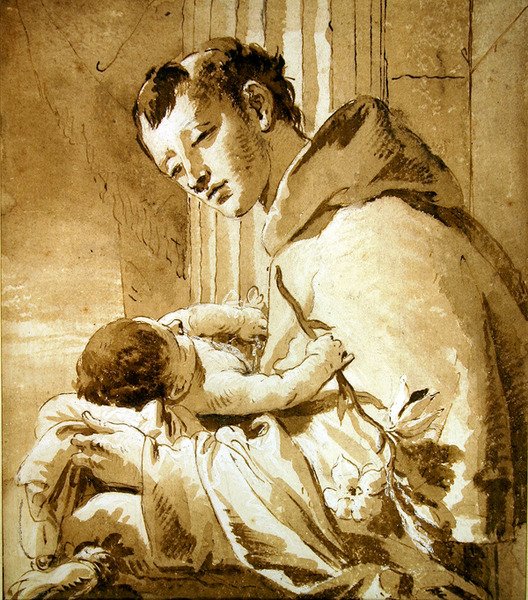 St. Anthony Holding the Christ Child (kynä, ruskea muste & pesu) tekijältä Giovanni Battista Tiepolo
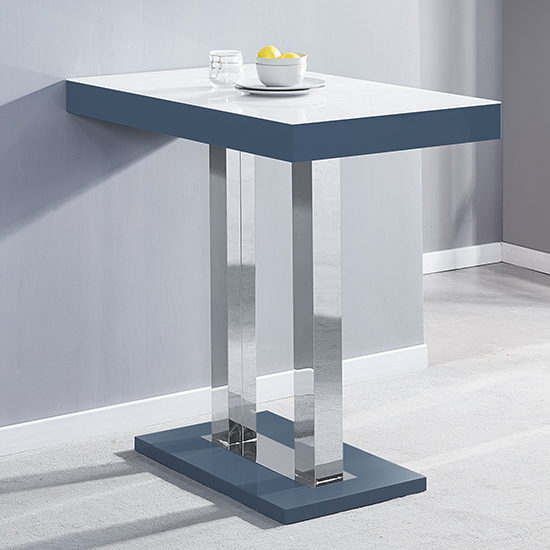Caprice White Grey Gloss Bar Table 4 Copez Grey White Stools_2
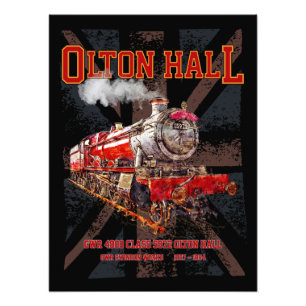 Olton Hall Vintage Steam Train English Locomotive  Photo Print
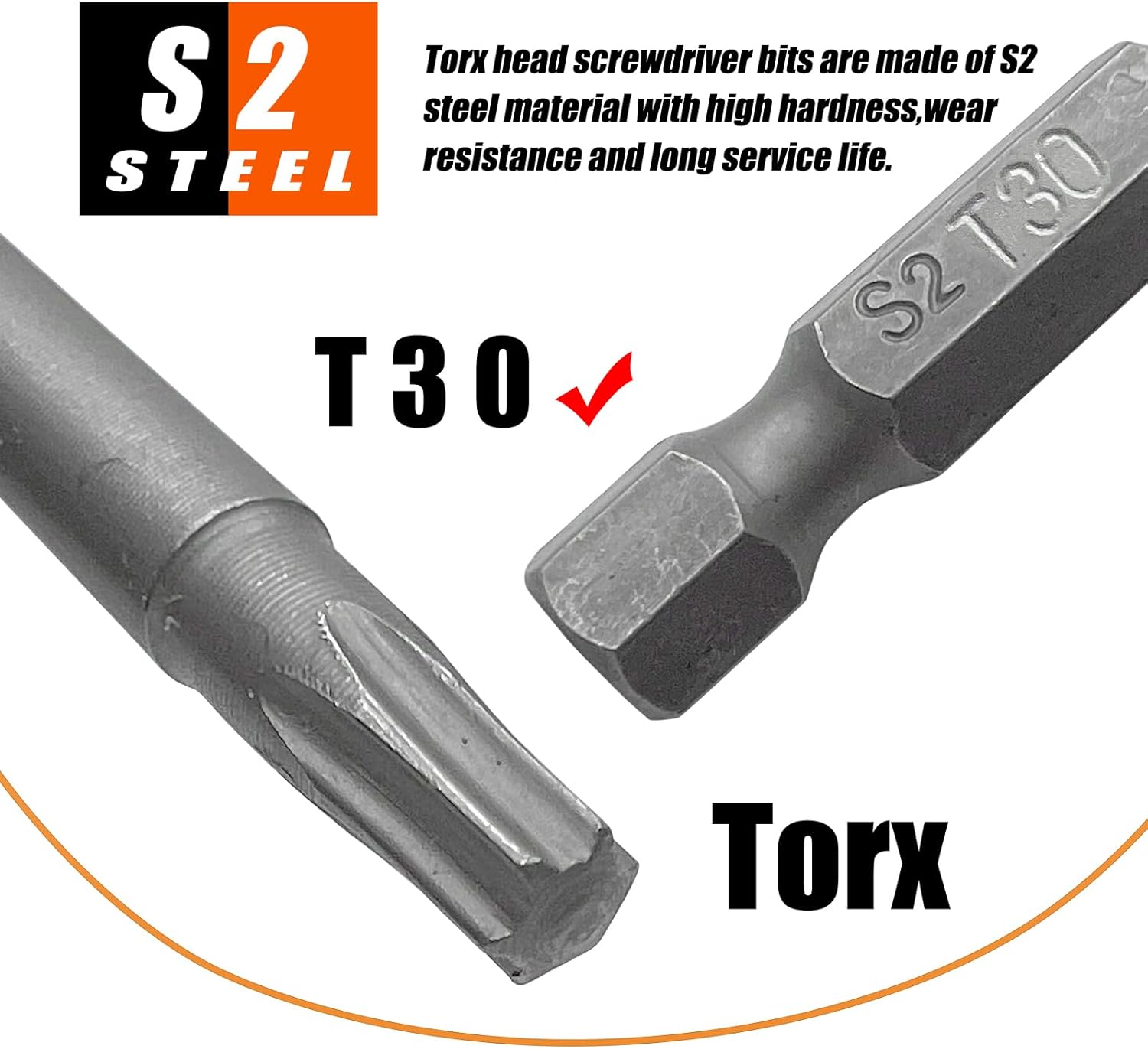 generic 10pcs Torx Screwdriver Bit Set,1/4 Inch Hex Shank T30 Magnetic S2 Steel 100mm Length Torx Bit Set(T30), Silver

___

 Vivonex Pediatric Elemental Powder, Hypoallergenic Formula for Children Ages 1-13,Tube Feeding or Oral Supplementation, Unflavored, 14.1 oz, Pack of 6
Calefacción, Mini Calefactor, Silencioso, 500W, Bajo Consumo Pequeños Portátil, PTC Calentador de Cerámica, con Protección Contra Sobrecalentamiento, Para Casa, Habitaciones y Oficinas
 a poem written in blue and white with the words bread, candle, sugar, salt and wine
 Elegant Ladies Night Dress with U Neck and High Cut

___

Your instructions:
The listing above holds a line with "Vivonex Pediatric Elemental" and a line with "Calefacción, Mini Calefactor, Silencioso, 500W, Bajo". Print the stretch from the first through the second, exactly and alone.

Result for this exercise:
 Vivonex Pediatric Elemental Powder, Hypoallergenic Formula for Children Ages 1-13,Tube Feeding or Oral Supplementation, Unflavored, 14.1 oz, Pack of 6
Calefacción, Mini Calefactor, Silencioso, 500W, Bajo Consumo Pequeños Portátil, PTC Calentador de Cerámica, con Protección Contra Sobrecalentamiento, Para Casa, Habitaciones y Oficinas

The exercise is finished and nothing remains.